• [WORKING DATA]
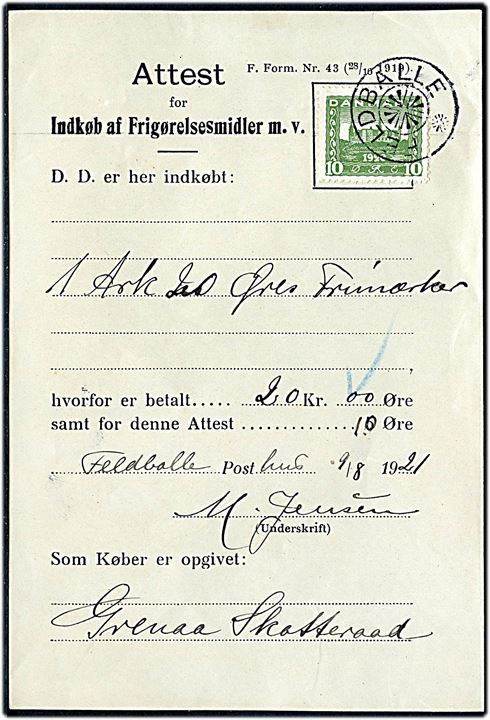 10 øre Genforening annulleret med stjernestempel FELDBALLE som gebyr på Attest for Indkøb af Frigørelsesmidler m.v. - F. Form. Nr. 43 (28/10 1919) - dateret d. 9.8.1921.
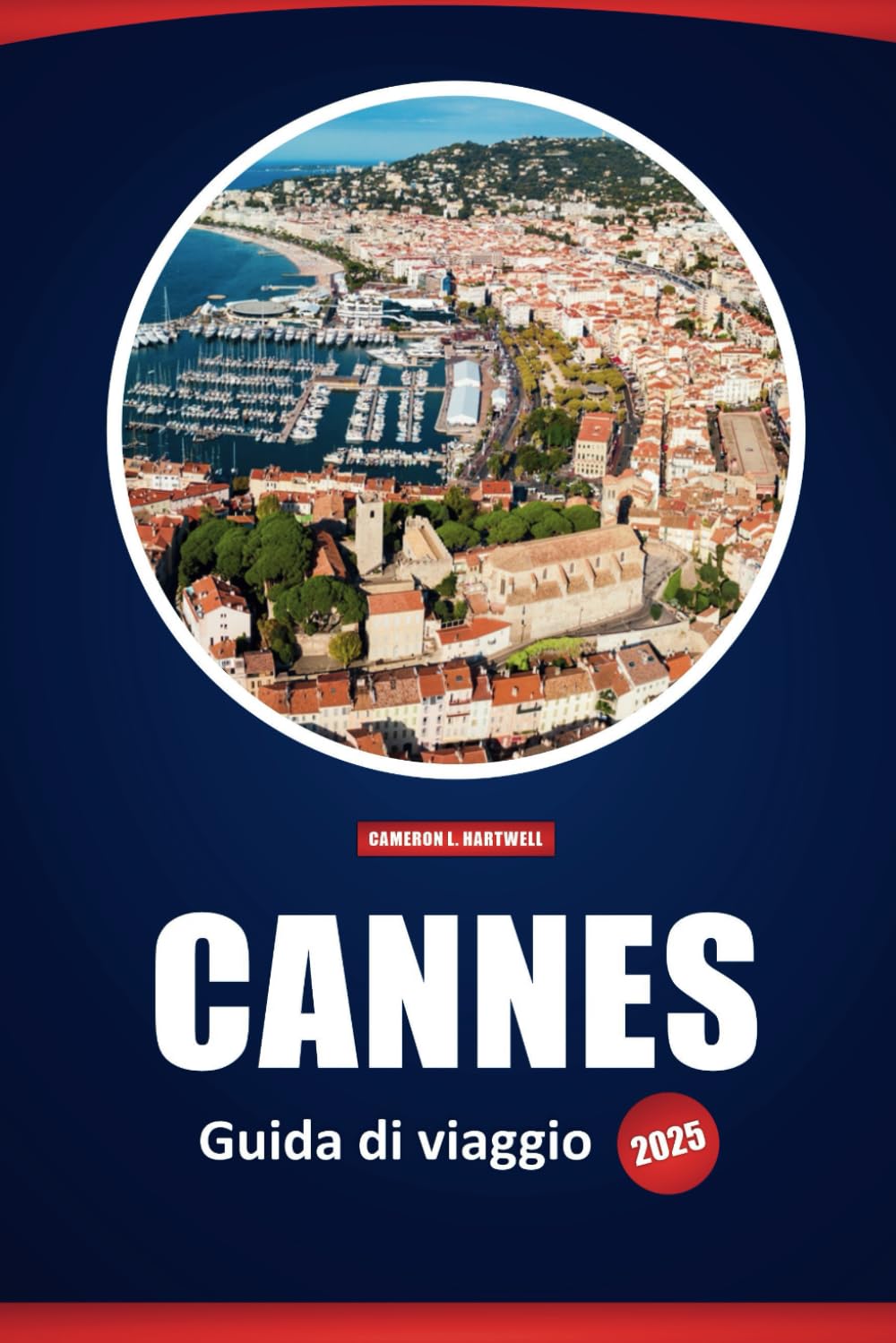 Cannes Guida Di Viaggio 2025: Esperienze di lusso, le migliori cose da fare, vedere e mangiare in Costa Azzurra book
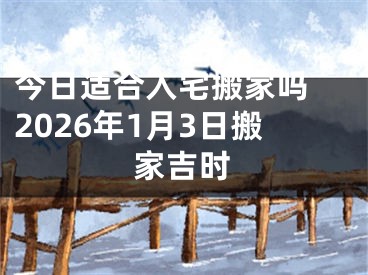 今日适合入宅搬家吗 2026年1月3日搬家吉时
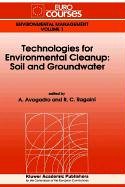 Technologies for Environmental Cleanup: Soil and Groundwater (Eurocourses: Environmental Management)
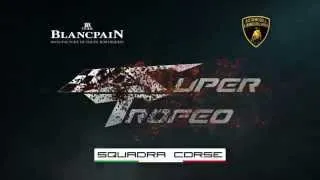 Super Trofeo Europe Silverstone 2014 - Video Teaser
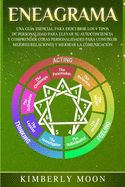 Eneagrama: Una Gua Esencial para Descubrir los 9 Tipos de Personalidad para Elevar su Autoconciencia y Comprender Otras Personalidades para Construir Mejores Relaciones y Mejorar la Comunicacin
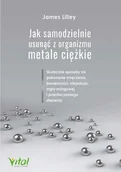 Poradniki hobbystyczne - Vital Jak samodzielnie usunąć z organizmu metale ciężkie - miniaturka - grafika 1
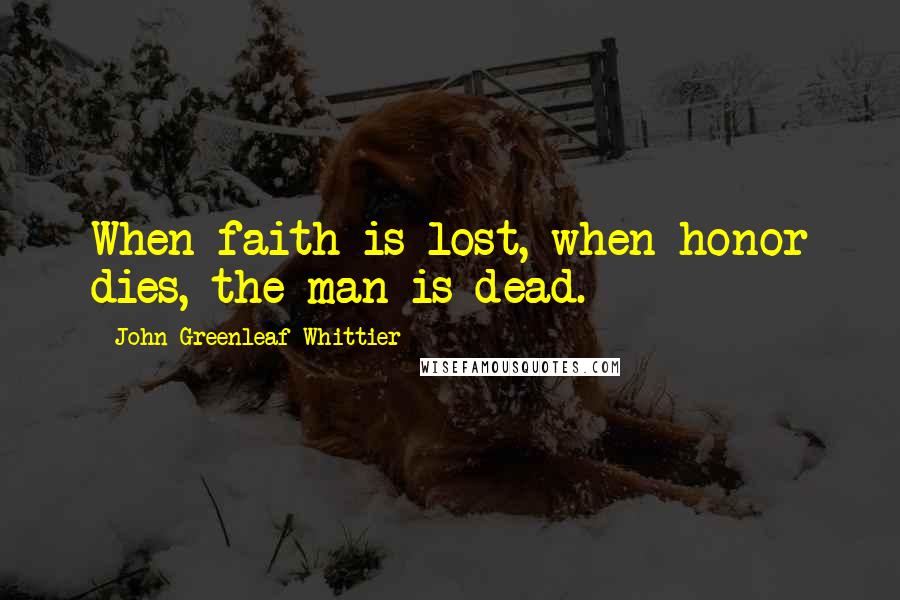 John Greenleaf Whittier Quotes: When faith is lost, when honor dies, the man is dead.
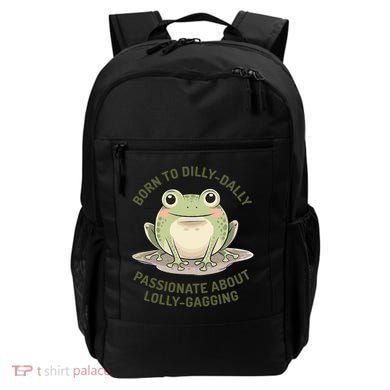 Born To Dilly Dally Funny Green Frog Meme Backpack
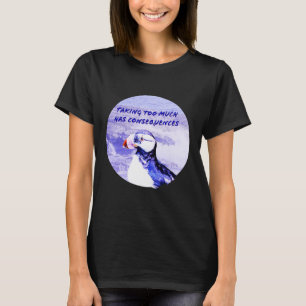 T-shirt Prendre Trop De Choses A Des Conséquences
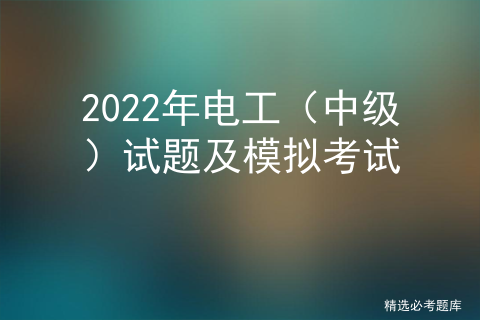 2022年电工（中级）试题及模拟考试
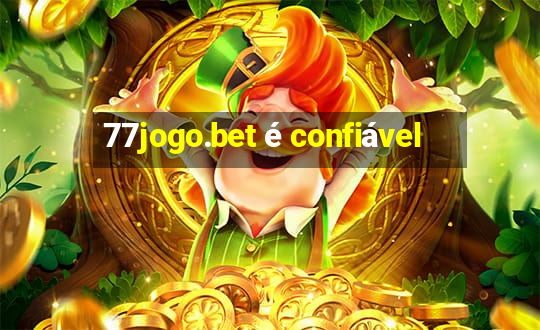 77jogo.bet é confiável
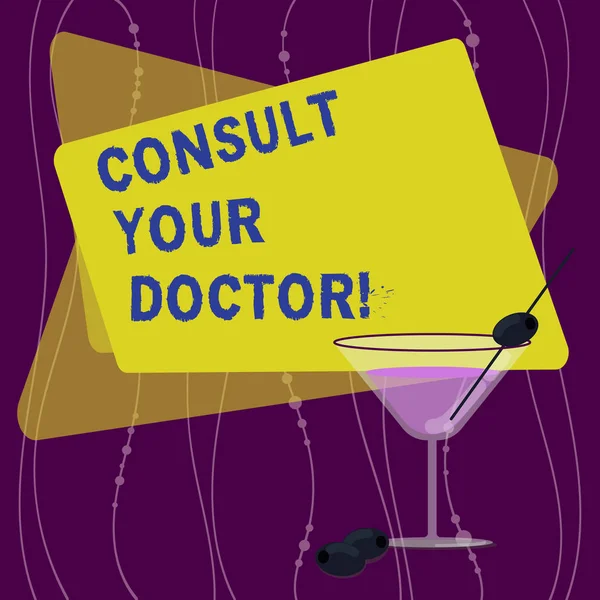 手写文本咨询您的医生。概念意思去有人在医学院学习的建议填充鸡尾酒葡萄酒玻璃与橄榄在环空白颜色文本空间. — 图库照片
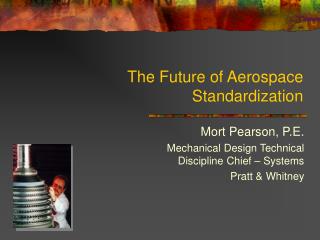 The Future of Aerospace Standardization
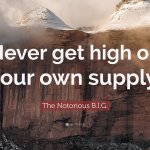 The Notorious B.I.G. Never get high on your own supply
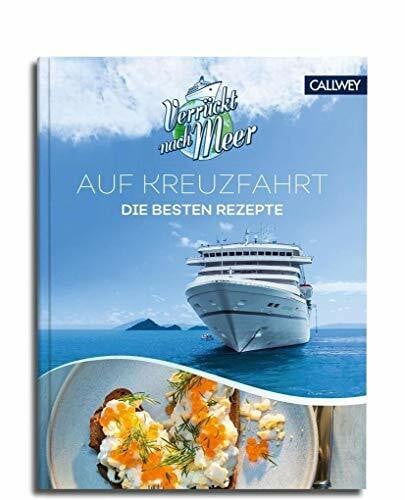 Lehmann, Joerg Auf Kreuzfahrt: Die besten Rezepte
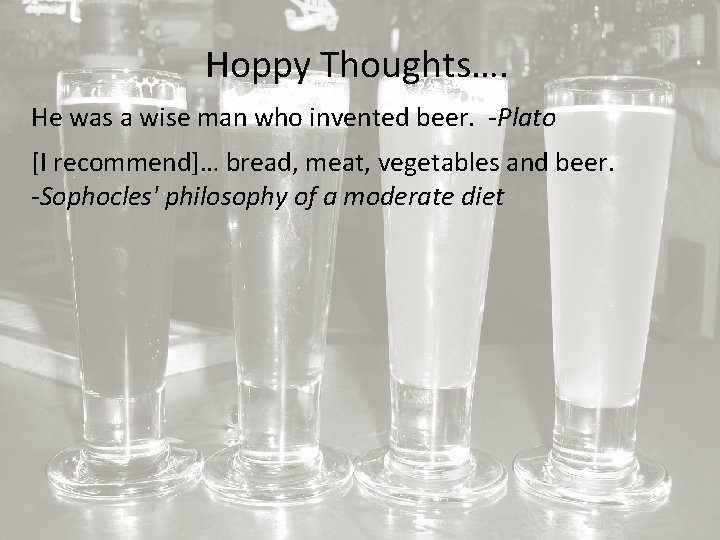 Hoppy Thoughts…. He was a wise man who invented beer. -Plato [I recommend]… bread,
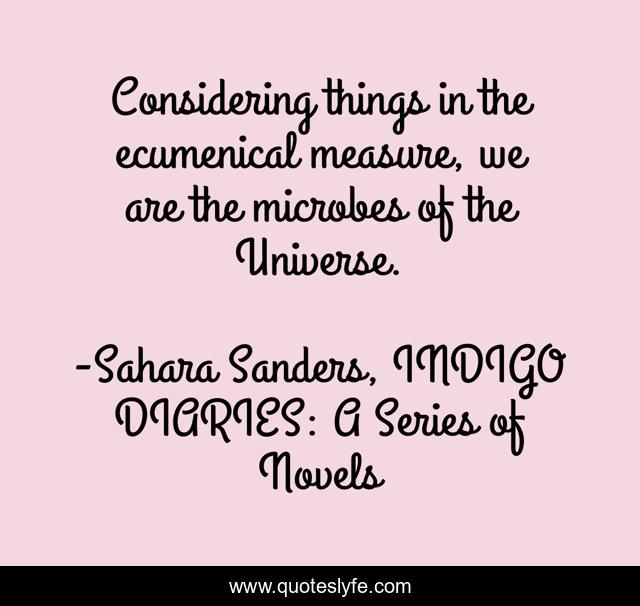 Considering things in the ecumenical measure, we are the microbes of the Universe.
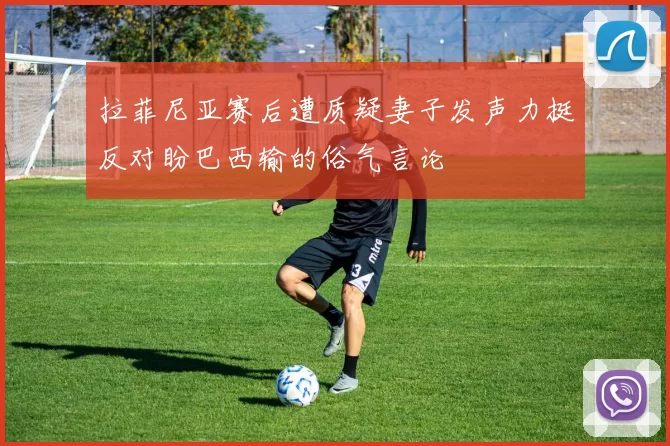 拉菲尼亚赛后遭质疑妻子发声力挺反对盼巴西输的俗气言论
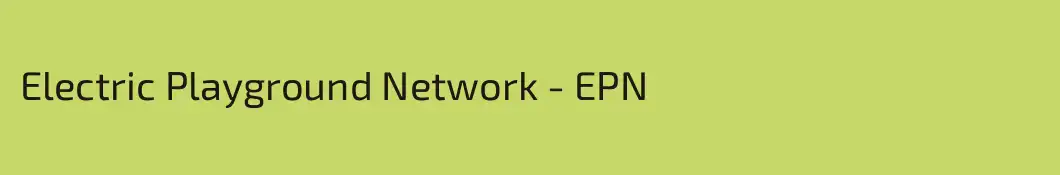 Electric Playground Network - EPN
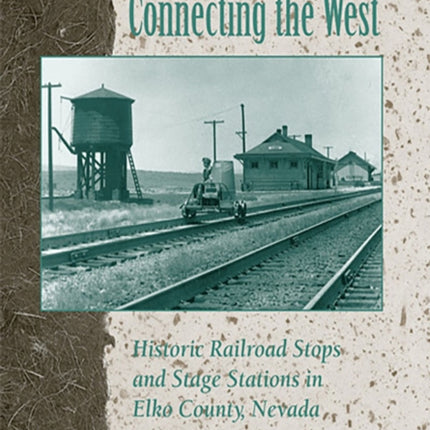 Connecting the West  Historic Railroad Stops and Stage Stations in Elko County Nevada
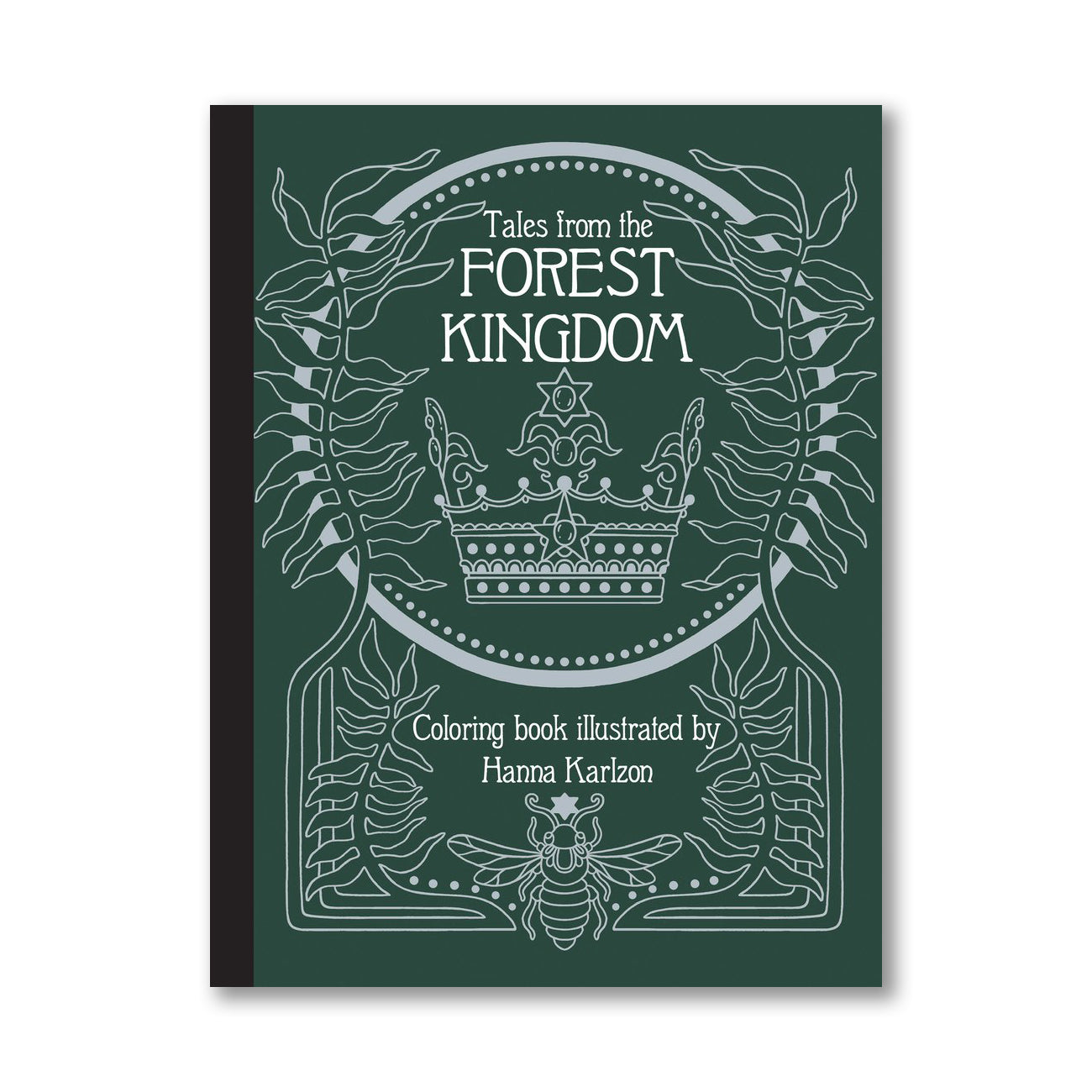 Tales From the Forest Kingdom Colouring Book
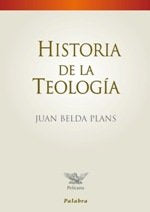 Historia de la teología, de Belda Plans, Juan | portada del libro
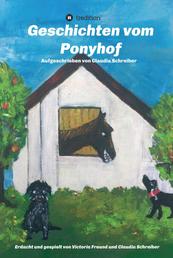 Geschichten vom Ponyhof - Erdacht und gespielt von Victoria Freund und Claudia Schreiber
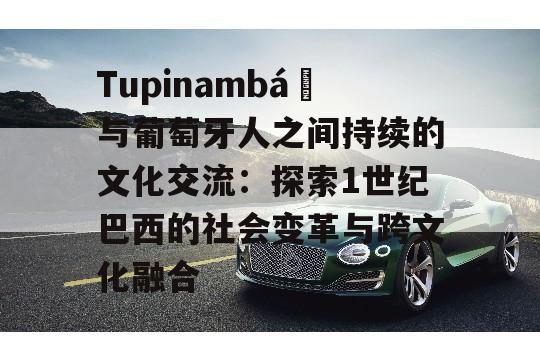 Tupinambá족与葡萄牙人之间持续的文化交流：探索1世纪巴西的社会变革与跨文化融合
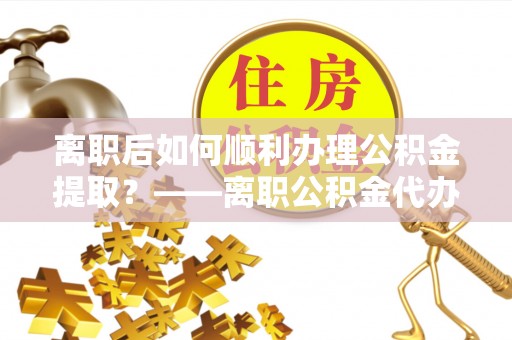 鄂托克旗离职后如何顺利办理公积金提取？——离职公积金代办提取全攻略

• [ASSIGNED TASK] Going by the entries above, repeat exactly the lines that start at the line with "T-shirt Prendre Trop" and go on through the line with "Electric Playground Network - EPN". Pictures are not part of the copy.

• [ANSWER TO THE PROBLEM]
 T-shirt Prendre Trop De Choses A Des Conséquences
 2022年电工（中级）试题及模拟考试
 77jogo.bet é confiável
 手写文本咨询您的医生。概念意思去有人在医学院学习的建议填充鸡尾酒葡萄酒玻璃与橄榄在环空白颜色文本空间. — 图库照片
 The Future of Aerospace Standardization
 The Notorious B.I.G. Never get high on your own supply
 Lehmann, Joerg Auf Kreuzfahrt: Die besten Rezepte
 Hoppy Thoughts…. He was a wise man who invented beer. -Plato [I recommend]… bread,
 Considering things in the ecumenical measure, we are the microbes of the Universe.
 拉菲尼亚赛后遭质疑妻子发声力挺反对盼巴西输的俗气言论
 Electric Playground Network - EPN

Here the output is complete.